Could you restate, exactly and with nothing added, the lines from the start of the data through the line that holds "Premium Apart Daire, 2", leaving the pictures out?
** Opening SUPPLIED RECORDS block **
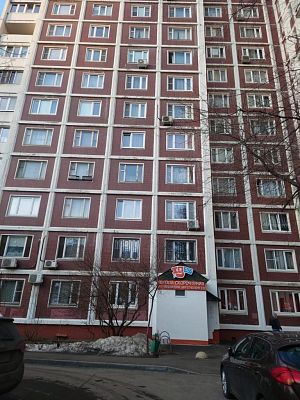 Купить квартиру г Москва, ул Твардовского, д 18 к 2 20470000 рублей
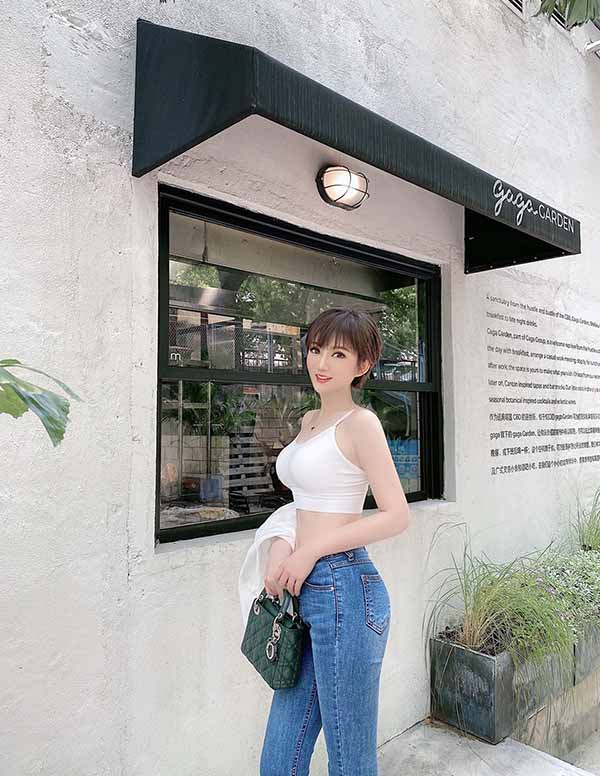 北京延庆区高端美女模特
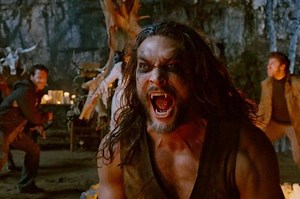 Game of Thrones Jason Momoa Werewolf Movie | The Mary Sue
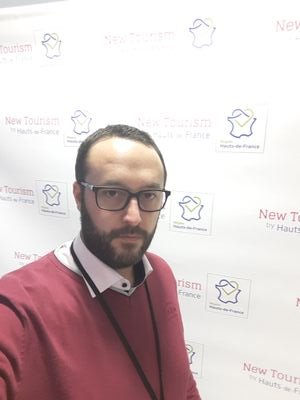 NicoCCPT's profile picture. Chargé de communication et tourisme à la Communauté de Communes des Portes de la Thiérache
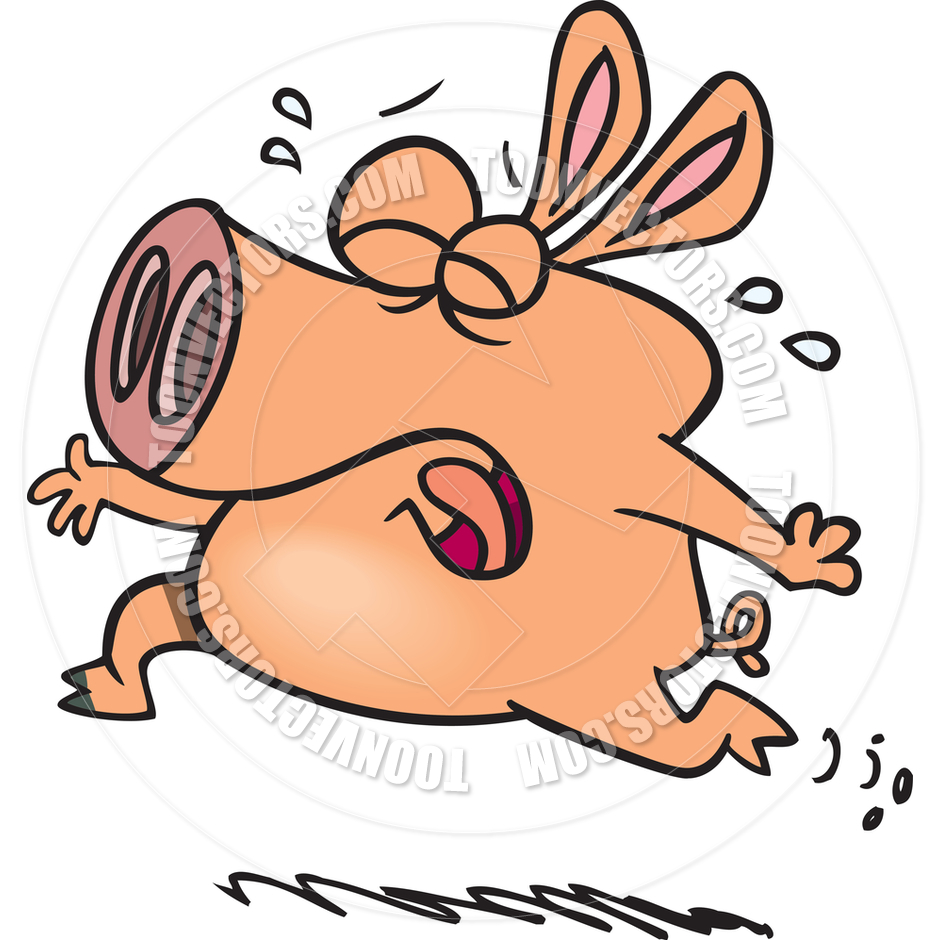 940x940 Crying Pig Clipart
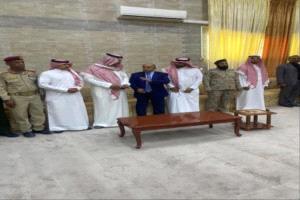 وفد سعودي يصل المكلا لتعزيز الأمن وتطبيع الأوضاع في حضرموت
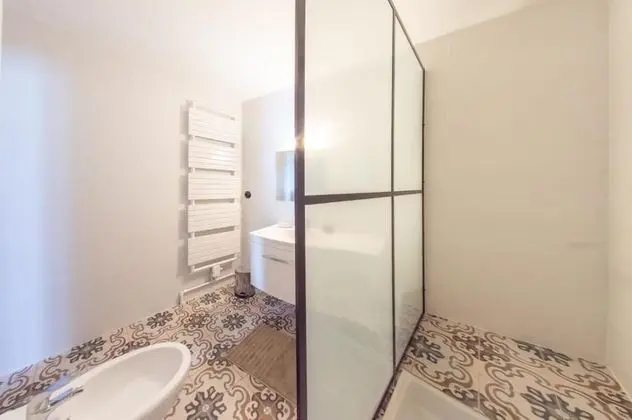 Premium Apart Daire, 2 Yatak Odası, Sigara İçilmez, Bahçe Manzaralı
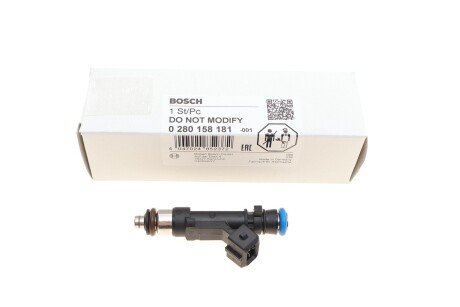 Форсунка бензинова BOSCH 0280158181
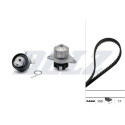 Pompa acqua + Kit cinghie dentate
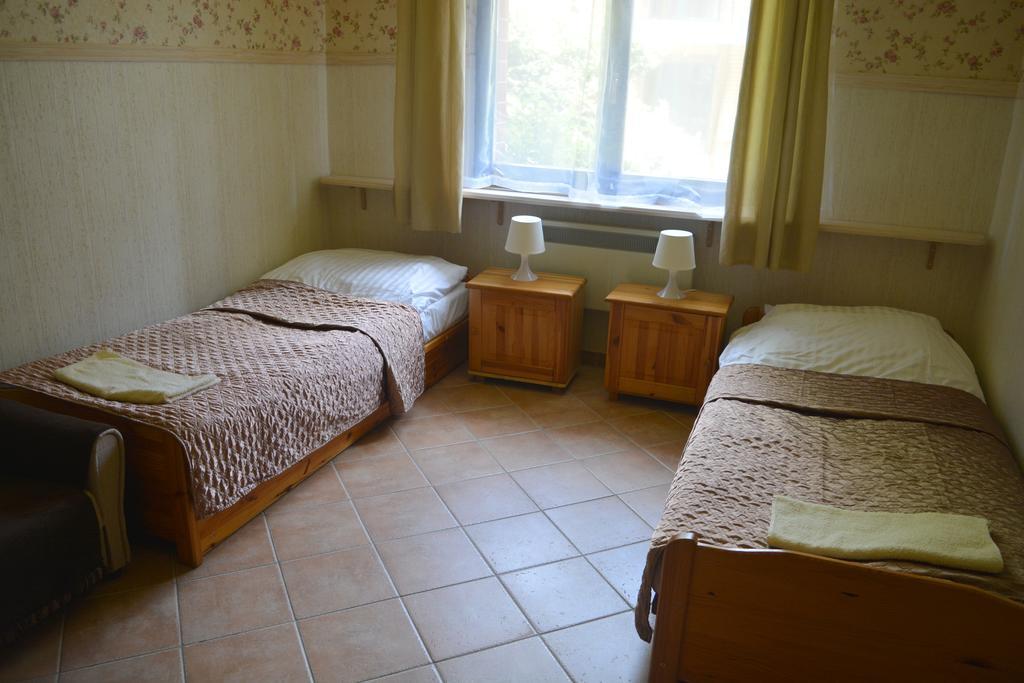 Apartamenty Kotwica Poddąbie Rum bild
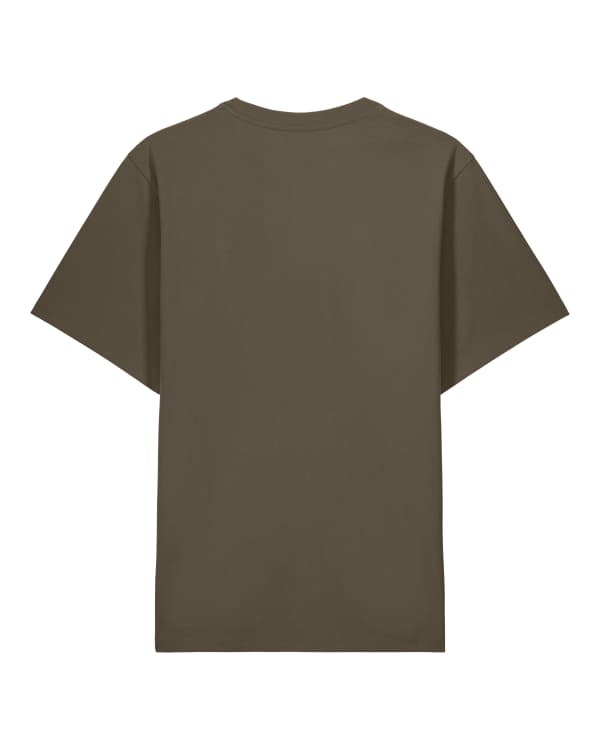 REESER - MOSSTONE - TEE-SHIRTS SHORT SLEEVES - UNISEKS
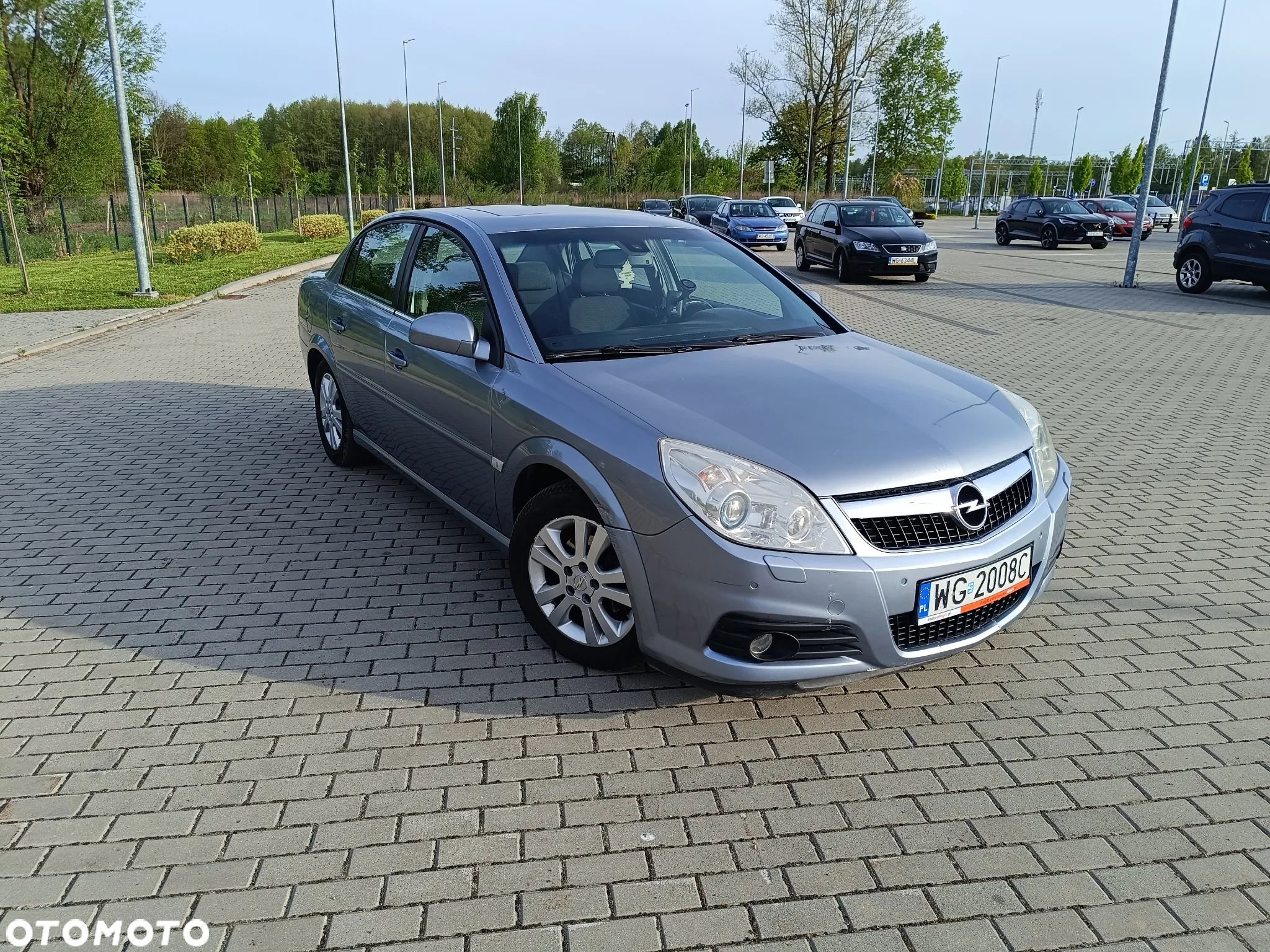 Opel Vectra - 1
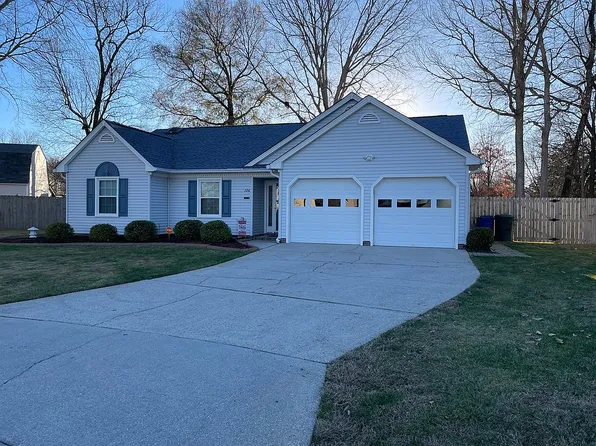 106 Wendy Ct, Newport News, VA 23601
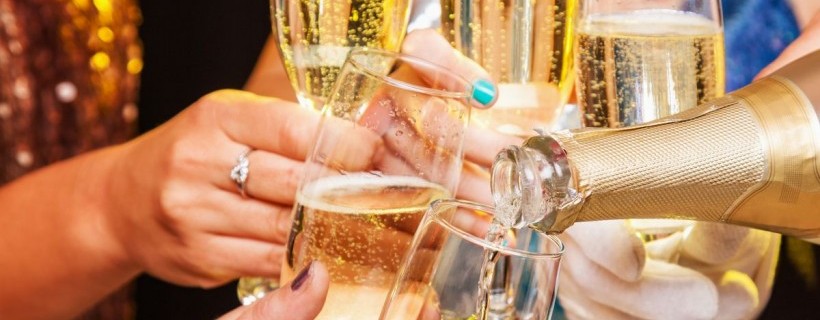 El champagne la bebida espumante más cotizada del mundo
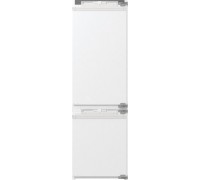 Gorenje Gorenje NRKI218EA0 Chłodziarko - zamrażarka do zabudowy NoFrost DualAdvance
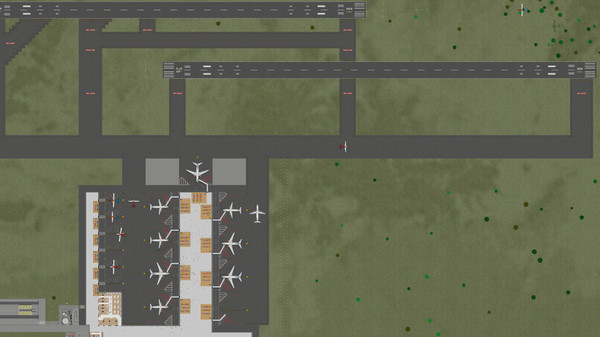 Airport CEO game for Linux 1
** Closing SUPPLIED RECORDS block **
WRITTEN ANSWER:
 Купить квартиру г Москва, ул Твардовского, д 18 к 2 20470000 рублей
 北京延庆区高端美女模特
 Game of Thrones Jason Momoa Werewolf Movie | The Mary Sue
 NicoCCPT's profile picture. Chargé de communication et tourisme à la Communauté de Communes des Portes de la Thiérache
 940x940 Crying Pig Clipart
 وفد سعودي يصل المكلا لتعزيز الأمن وتطبيع الأوضاع في حضرموت
 Premium Apart Daire, 2 Yatak Odası, Sigara İçilmez, Bahçe Manzaralı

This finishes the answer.